01-01-2013, 04:28 PM
Design and Implementation of a Process Migration System for the
Linux Environment
1Design and Implementation.pdf (Size: 235.17 KB / Downloads: 30)
Abstract
This paper reviews the field of process migration by
summarizing the key concepts and giving an overview
of a high level process migration algorithm and also
provides a unique alternative implementation of our
own for the linux environment. Design and implementation
issues of process migration are analyzed in
general, and these are used as pointers in describing
our implementation. The primary aim of this paper
is to build a user space process migration tool which
would obviate the need for kernel support. This paper
aims to provide an insight into the difficult task
of actual migration for performance gain.
Introduction
Process migration is the act of transferring an active
process between two machines and restoring the
process from the point it left off on the selected destination
node.The purpose of this is to provide for an
enhanced degree of dynamic load distribution, fault
resilience, eased system administration, and data access
locality. The potential of process migration is
great especially in a large network of personal workstations.
In a typical working environment,there generally
exists a large pool of idle workstations whose
power is unharnessed if the potential of process migration
is not tapped.Providing for a reliable and efficient
migration module that helps handle inconsistencies
in load distribution and allows for an effective
usage of the system resource potential is highly warranted.
Related Work
The future of process migration is extremely encouraging.
Significant research and development has been
conducted in process migration and closely related areas.
Different streams of development may well lead
to a wider deployment of process migration. [2] does a
survey on process migration and highlights the importance
of process migration. A process is suspended on
a machine and resumed on another machine. Remote
Procedure Calls
Load Measurement Metrics
The load information is typically represented by
means of the following metrics: the CPU usage, the
memory availability, the average turnaround time etc.
A process load is typically characterised by its CPU
usage, memory usage, communication, file usage etc.
Load information management deals with using these
to select the process to be migrated and to choose the
destination node.
Distributed Scheduling
This aspect mainly deals with allocation of nodes to
processes. There are a plethora of strategies that are
proposed, of which few are mentioned here:
that is overloaded and that wishes to off-load to
other nodes. A sender-initiated policy is preferable
for low and medium loaded systems, which
have a few overloaded nodes. This strategy is
convenient for remote invocation strategies.

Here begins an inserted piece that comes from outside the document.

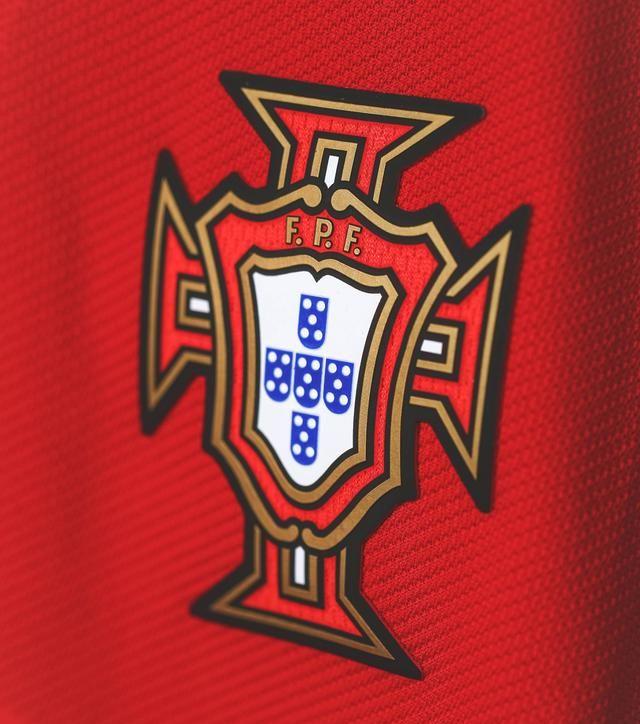 包含葡萄牙战平塞尔维亚，小组头名位置不变的词条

• A receiver-initiated policy is activated on underloaded
nodes willing to accept the load from overloaded
ones. A receiver-initiated policy is preferable
for high load systems, with many overloaded
nodes and few underloaded ones. Process migration
is particularly well-suited for this strategy,
since only with migration can one initiate process
transfer at an arbitrary point in time
• A symmetric policy is the combination of the previous
two policies, in an attempt to take advantage
of the good characteristics of both of them.

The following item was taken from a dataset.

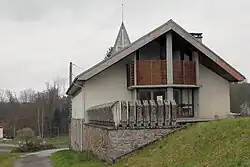 L'église moderne du Sacré-Cœur.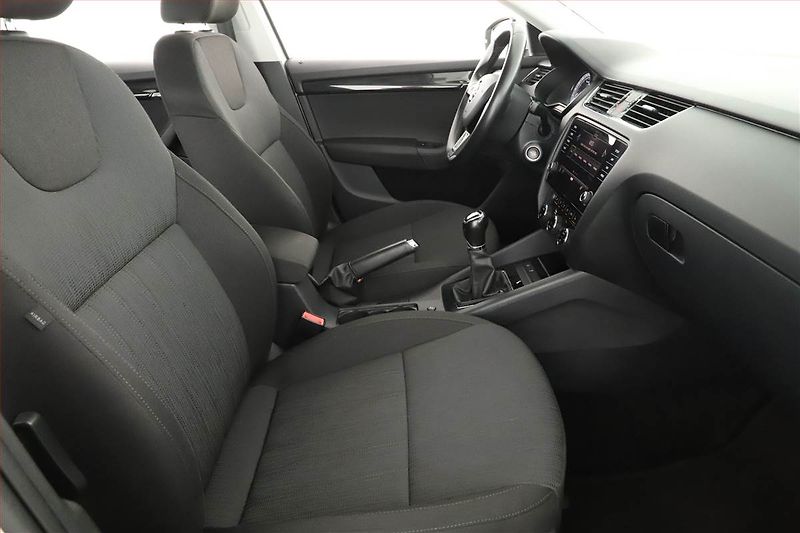Škoda Octavia (2018) Style 1.6 TDI, Serv.kniha - fotka 7 z 14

It is suitable for a broader range of conditions
than either receiver-initiated or sender-initiated
strategies alone.
• A random policy chooses the destination node
randomly from all nodes in a distributed system.
This simple strategy can result in a significant
performance improvement
The Virtualisation concept
To provide for user space process migration while
guaranteeing transparency, it is imperative that the
processes do not realise that they are working in a
migration enabled environment. Primarily, this involves
building a uniform interface that the processes
interact to which empowers the system to achieve the
objective of transparency. This interface is sometimes
termed the virtual interface and the very idea is called
virtualisation.
Load Calculator
The Load Calculator is a daemon that runs on every
process on the network to calculate the load at regular
intervals. The calculation formula is a parametric
equation based on various parameters. The total load
on the system is calcualed as the sum of the loads
of individual process. The memory and the cpu usage
are the most significant parameters in the calculation
of load. The /proc file system has one directory
per process. The directories contain the relevant
information regarding memory and cpu usage for all
processes in the system. When the load exceeds a certain
threshold value, this module sends an overload
signal to the main server. This in turns begins the
process of preemption, checkpointing and scheduling.
Conclusion
Despite these goals and ongoing research efforts, migration
has not achieved widespread use. One reason
for this is the complexity of adding transparent migration
to systems originally designed to run stand-alone,
since designing new systems with migration in mind
from the beginning is not a realistic option anymore.
Another reason is that there has not been a compelling
commercial argument for operating system vendors
to support process migration.